TASK TO CARRY OUT: Your output should be the complete listing, word for word, with no pictures in it.

SOURCE DATA:
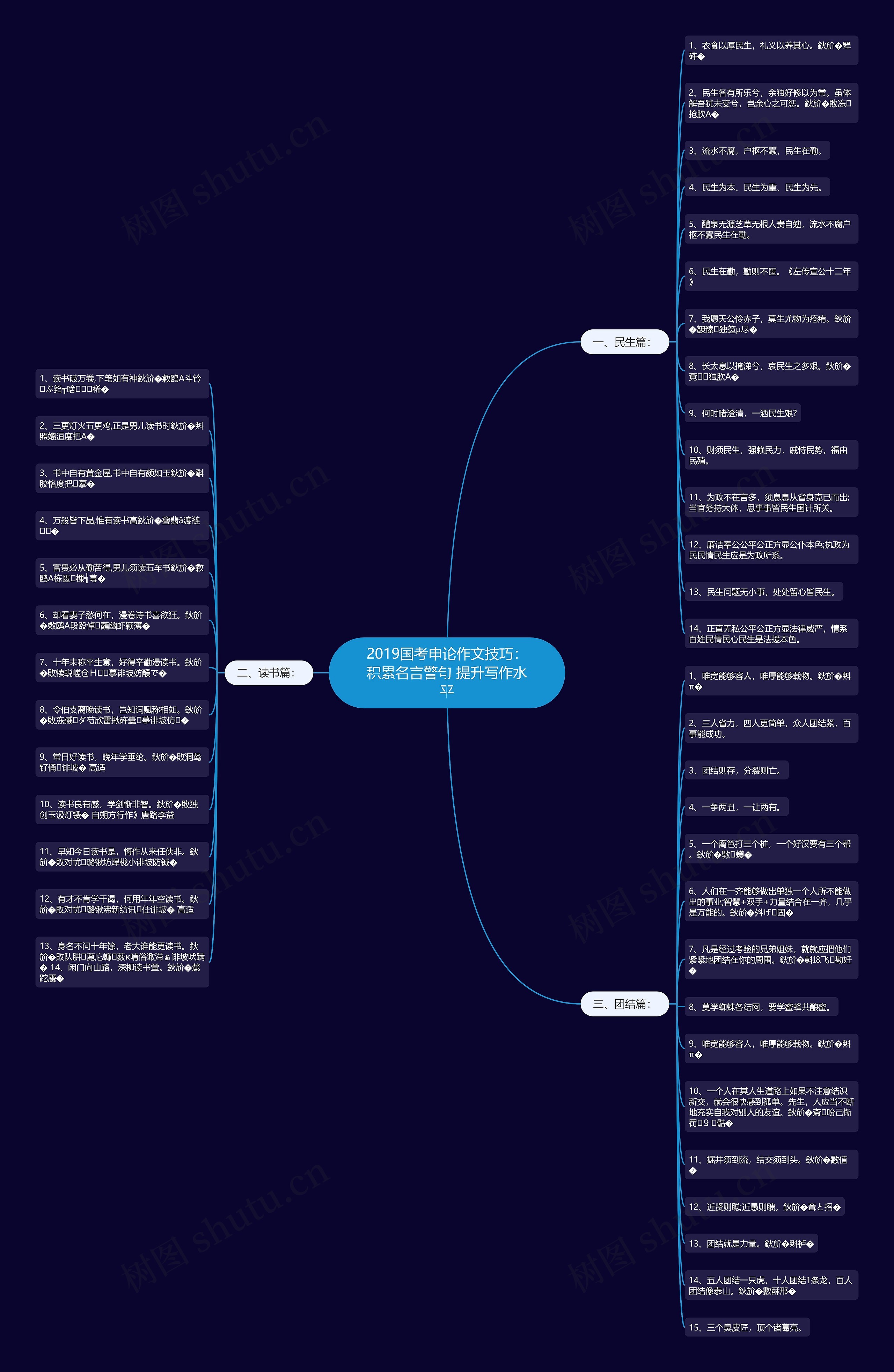 2019国考申论作文技巧：积累名言警句 提升写作水平思维导图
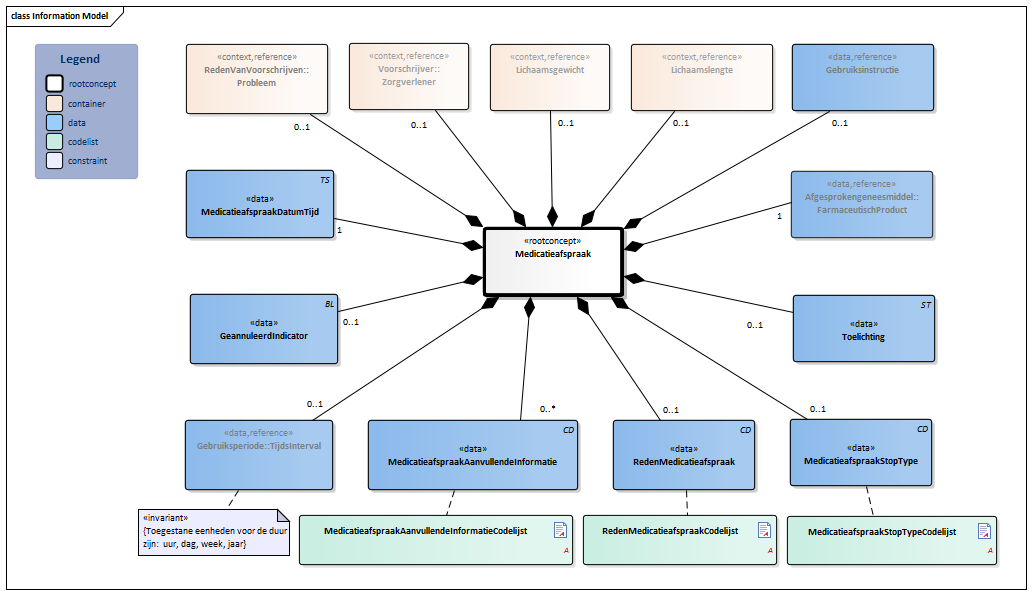 Medicatieafspraak-v1.1Model(2019NL).png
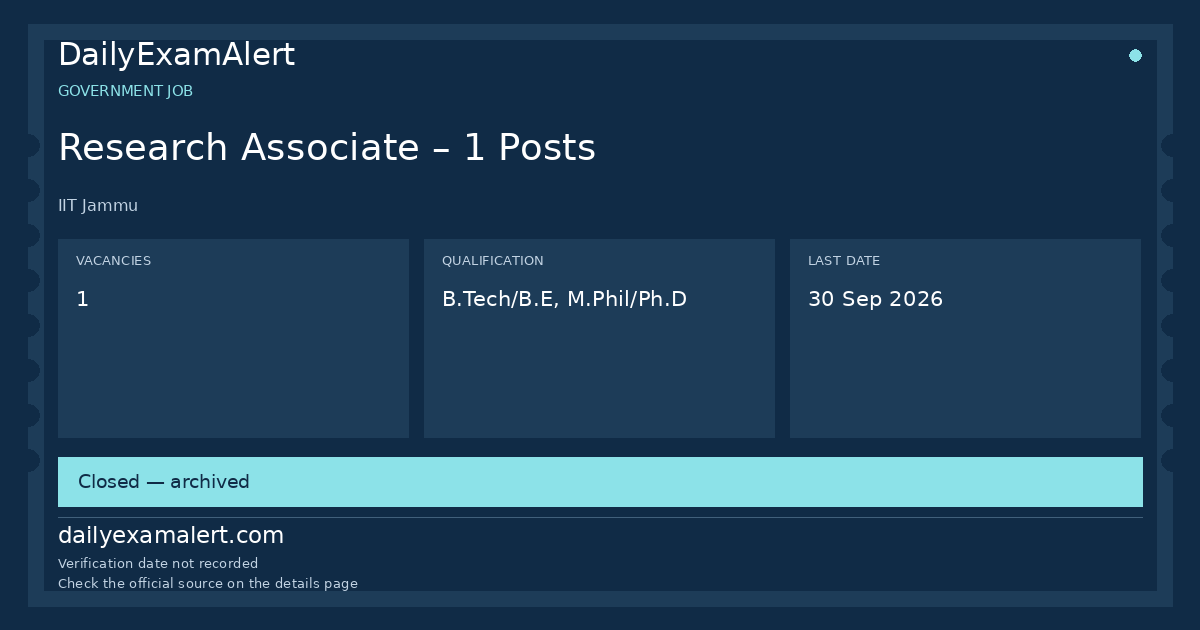 Research Associate – 1 Posts — government job summary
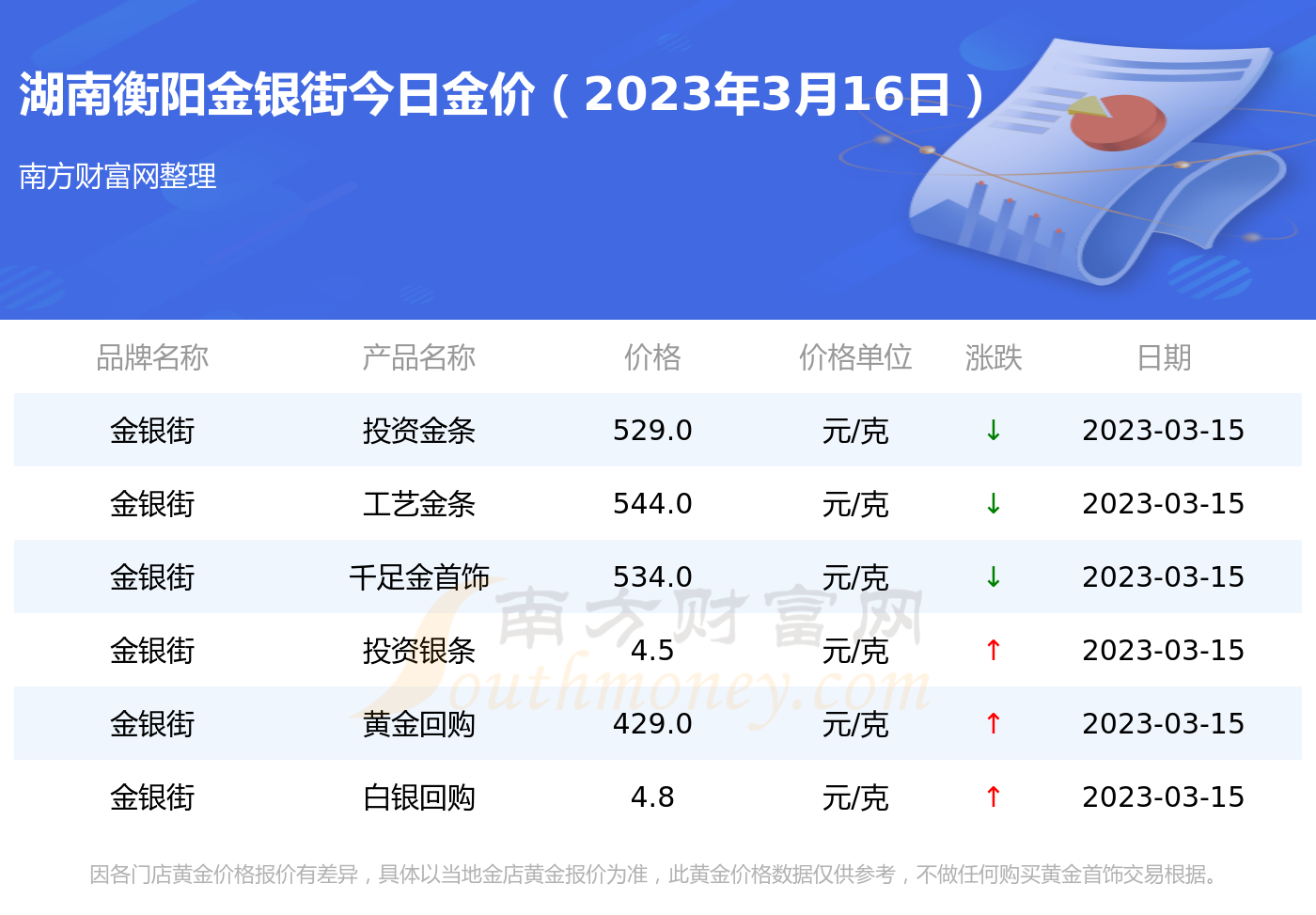 今日市场金价多少钱一克今日金价多少一克黄金首饰-第2张图片-翡翠网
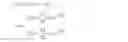 Fig. 02 - Channel estimation in communications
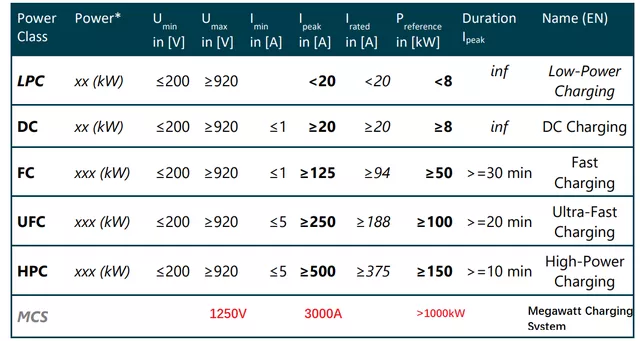 What is the MCS 3750kW charging system? 3000A current!PV barrery Production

TASK RESULT:
 2019国考申论作文技巧：积累名言警句 提升写作水平思维导图
 Medicatieafspraak-v1.1Model(2019NL).png
 Research Associate – 1 Posts — government job summary
 今日市场金价多少钱一克今日金价多少一克黄金首饰-第2张图片-翡翠网
 Fig. 02 - Channel estimation in communications
 What is the MCS 3750kW charging system? 3000A current!PV barrery Production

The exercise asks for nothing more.